__DATA TO EXAMINE__.
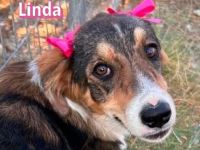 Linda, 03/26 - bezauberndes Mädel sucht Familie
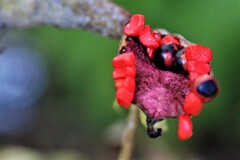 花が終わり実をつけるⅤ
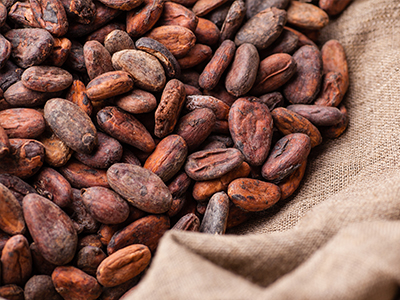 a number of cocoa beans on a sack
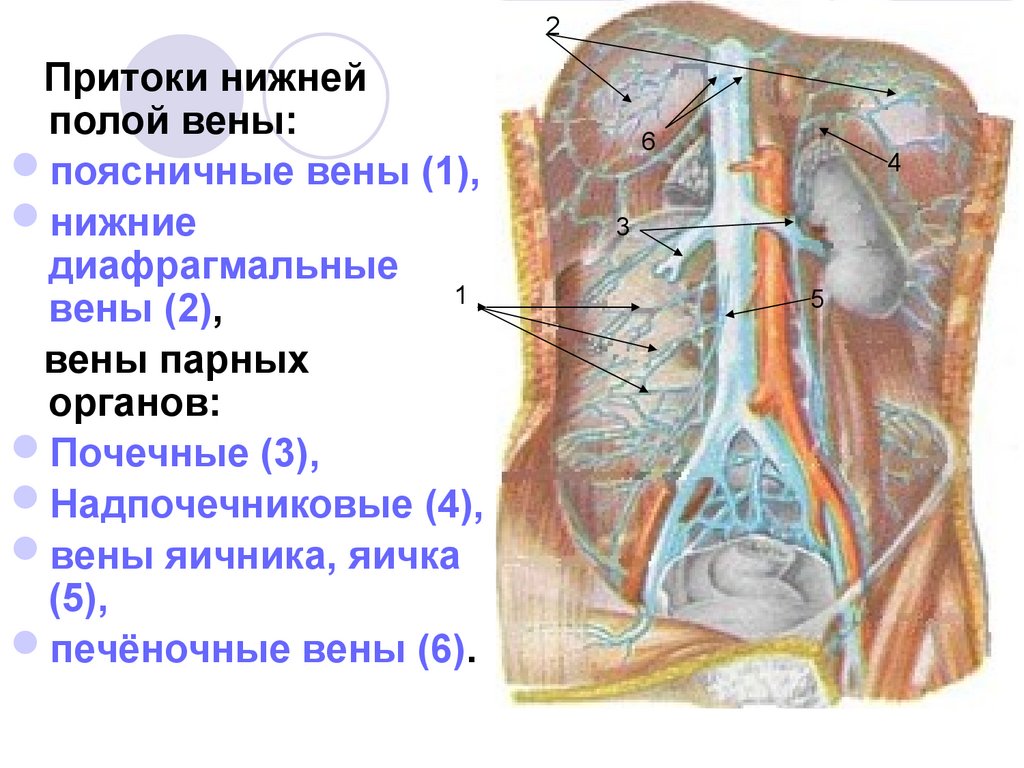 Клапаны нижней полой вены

==

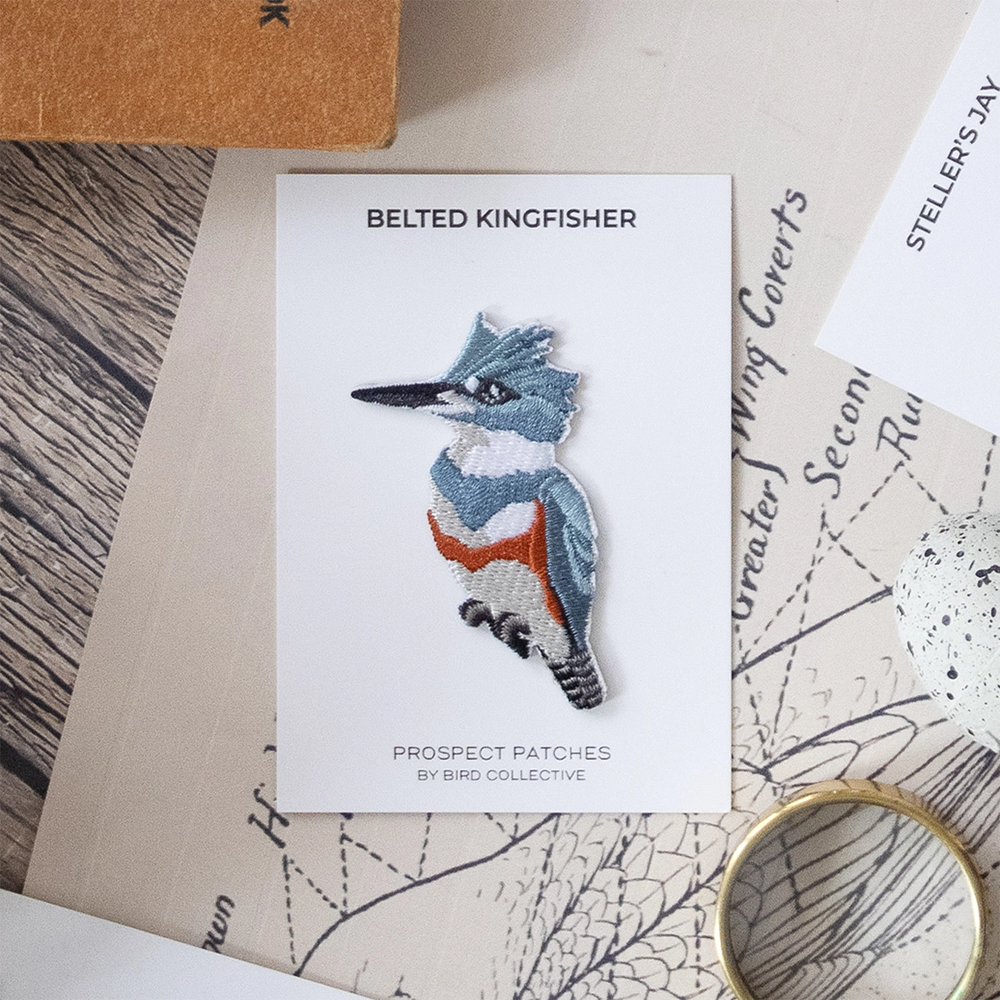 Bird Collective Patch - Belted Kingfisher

__ASSIGNMENT__. The lines to copy exactly start with the line above that has "Linda, 03/26 - bezauberndes" and go on through the line that has "Клапаны нижней полой вены"; please include both, add nothing else, and omit the pictures.

__REPLY TO THE TASK__.
 Linda, 03/26 - bezauberndes Mädel sucht Familie
 花が終わり実をつけるⅤ
 a number of cocoa beans on a sack
 Клапаны нижней полой вены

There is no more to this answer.